Accidental injuries are one of the leading causes of death in the geriatric patient. Moreover, these injuries can result in immobility, causing patients to become needy for home care[5]. In the study by van der Jagt-Willems et al., 66% of the patients were female. In line with the literature, 64.1% of the patients were female in our study[6]. This may be explained by more frequent incidence of osteoporosis in females in the geriatric age group[7].

In this study, we aimed to demonstrate the clinical characteristics of patients with geriatric vertebral fracture who were admitted to an emergency department. Traumas were most common between people aged 75-84 years with incidence as 40.6%.

Considering the mechanism of injury, we found that about 80% of the patients were brought to the emergency department due to fall. Additional systemic injuries were also common in this age group. The most common additional systemic injury was costal fracture. In geriatric vertebral traumas, falls come to the fore as in our study.

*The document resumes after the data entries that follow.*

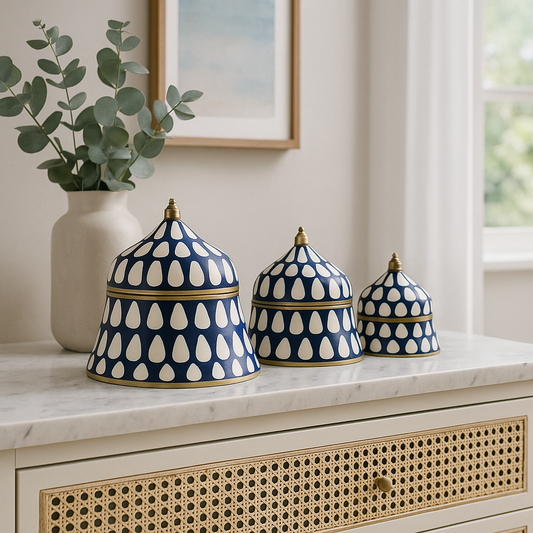 Bone & Brass Moghul Box : Varsha : Navy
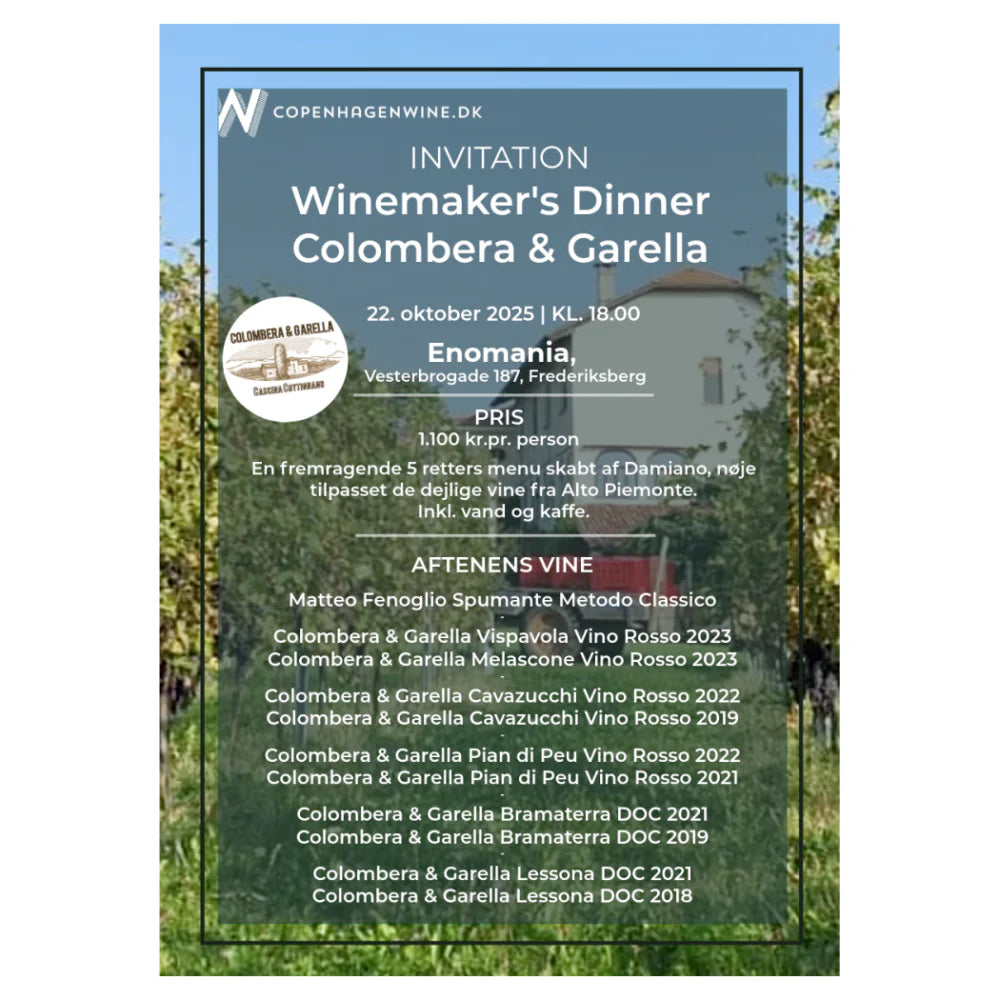 Winemaker's Dinner med Colombera & Garella - Enomania - Onsdag d. 22. oktober 2025 kl. 18:00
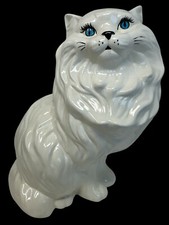 Vintage MCM Life Sized White Persian Cat Hand Painted Ceramic Cat Blue Eyes picture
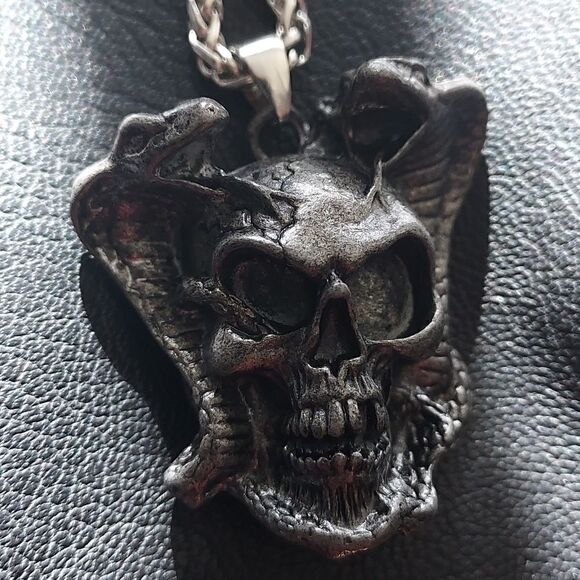 Skull Double Snake Stainless Steel Unisex Pendant Necklace - Picture 7 of 9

It has been reported that about 40% of patients fall at least once during a year, and this rate and fall-related complications are two times higher over the age of 75 years[5]. In line with the literature, about 80% of traumas were caused by falls in our study. The most affected age group by traumas and associated systemic injuries was between 75-84 years. The frequent incidence of falls in this age group is attributed to the fact that these patients have certain risk factors. For example, polypharmacy, decline in cognitive function, decreased daily activity, visual, balance and gait disturbances, as well as diseases such as muscle weakness, arthritis and depression are shown as major risk factors for falls[8].

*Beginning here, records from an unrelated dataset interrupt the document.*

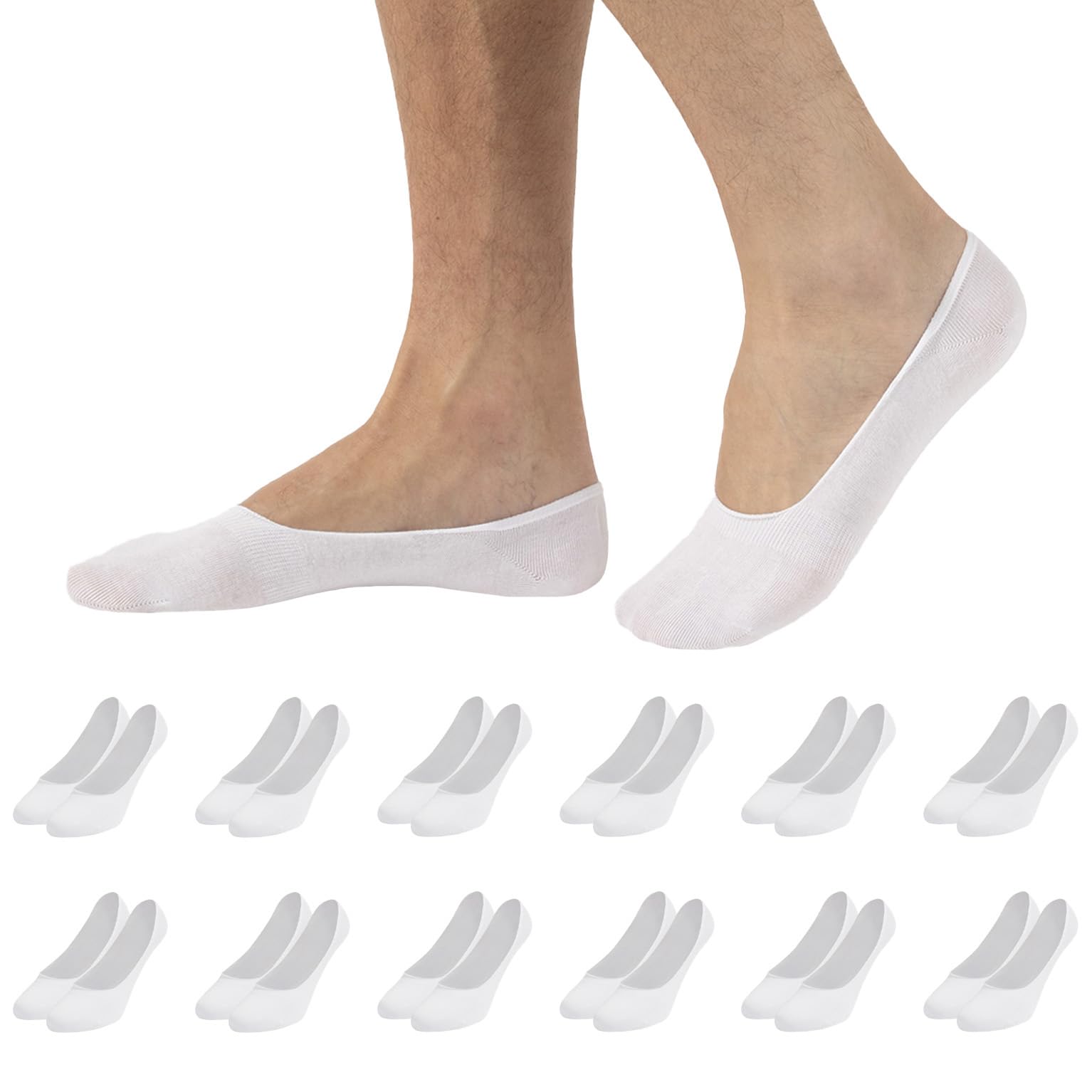 CALZITALY 6-12 pares calcetines invisibles para hombres, calcetines cortos de algodón, negro, azul marino, blanco, natural, calcetería italiana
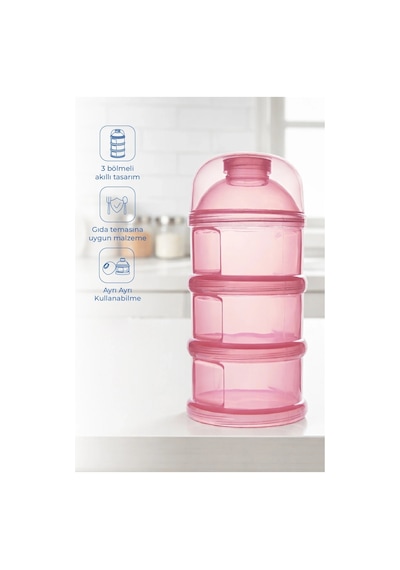 Babyjem Katlı Toz Mama Kabı Pembe
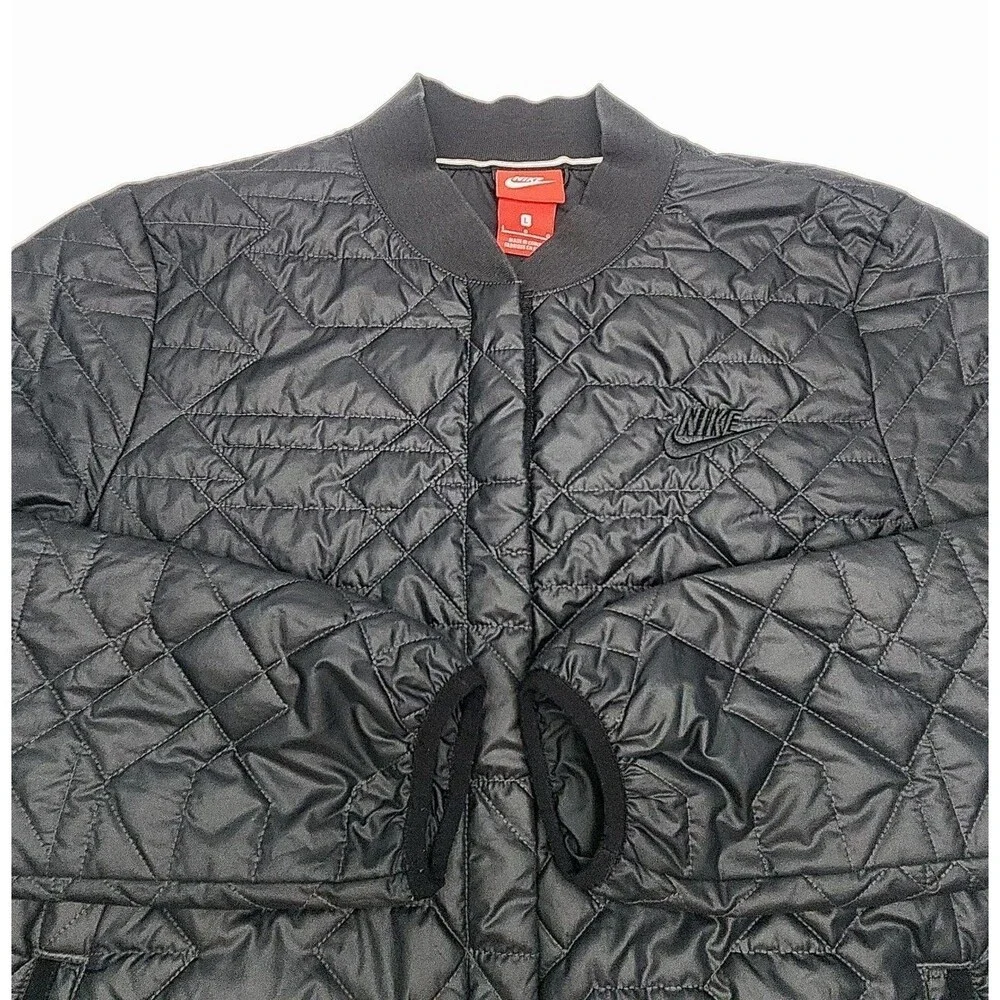 Nike Jacket Primaloft Quilted Black Snap Women Sz Large Lightweight Polyester
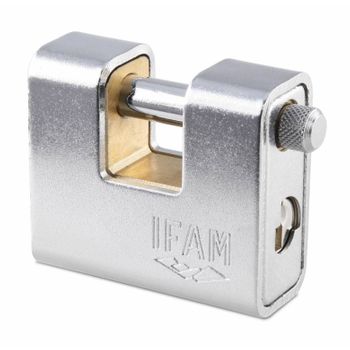 Candado Seguridad 60mm Arco Rectangular Latón Crom Ifam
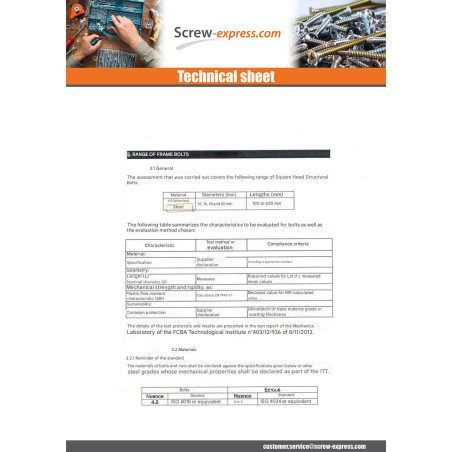 1 x Bolt With Nut Carpenter M20X250 Square Head 35X35X14 Zinc Plated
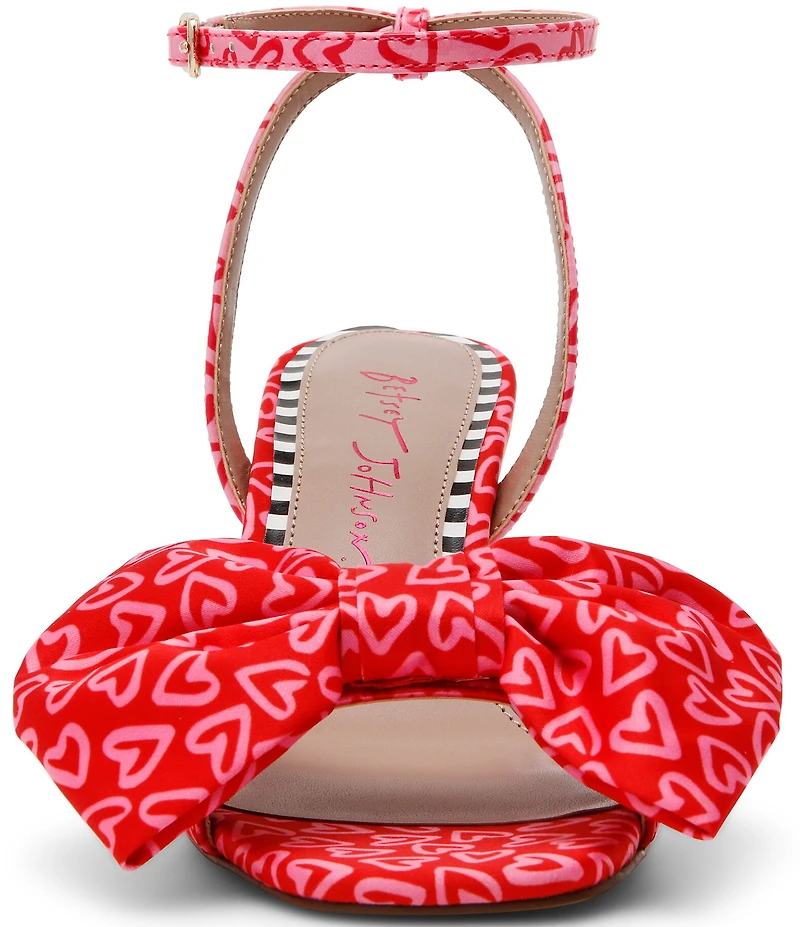 Betsey Johnson Kendal Heart Print Oversized Bow Dress Sandals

In the study by Tonbul et al., the 3 most common injured spinal vertebrae were lumbar 1 (L1) (63.8%), thoracic 12 (T12) (12%) and lumbar 2 (L2) (10.6%)[9]. Similarly, our study found that trauma most commonly occurred in these three vertebrae (L1: 34.3%, T12: 17.2% and L2: 15.6%). It is stated that the reason why vertebral injury mostly occur in the thoracolumbar region is due to the absence of protective cage effect since the ribs end in this region. In addition, the progression of lumbar lordosis to thoracic kyphosis in this region is one of the factors that make the thoracic lumbar region vulnerable. The facet joints of the thoracic vertebrae are located in the coronal plane, while the sagittal location of those of the lumbar vertebrae also causes facet joint disorientation, which comes to the fore as another factor leading to increased fracture risk[10].

The most common internal organ injury due to vertebral fractures is reported to be caused by damage to the thoracic vertebrae[10]. In our study, the most common visceral injury was pulmonary contusion associated with thoracic vertebral lesion (4.7%). Hebert et al. reported that the most common concomitant injury with vertebral injury was extremity trauma (26.5%)[11]. Whereas, in our study, it was costal fracture (9.4%). The difference may be due to the fact that the most common cause of trauma was motor vehicle accident in the abovementioned study, while it was same-level fall in our study.

Armagan et al. reported that 36 out of 46 patients with vertebral trauma were hospitalized. Of the patients, 23 (50%) were hospitalized by neurosurgery, while 13 (28.2%) were hospitalized by orthopedics. Nine of the patients hospitalized in neurosurgery (69.2%) and 6 of the patients hospitalized in orthopedics (46.1%) required surgical treatment, while other patients received conservative treatment[12]. In our study, surgical treatment was performed on 5 patients (41.6%) by neurosurgery and on 2 patients (28.5%) by other departments.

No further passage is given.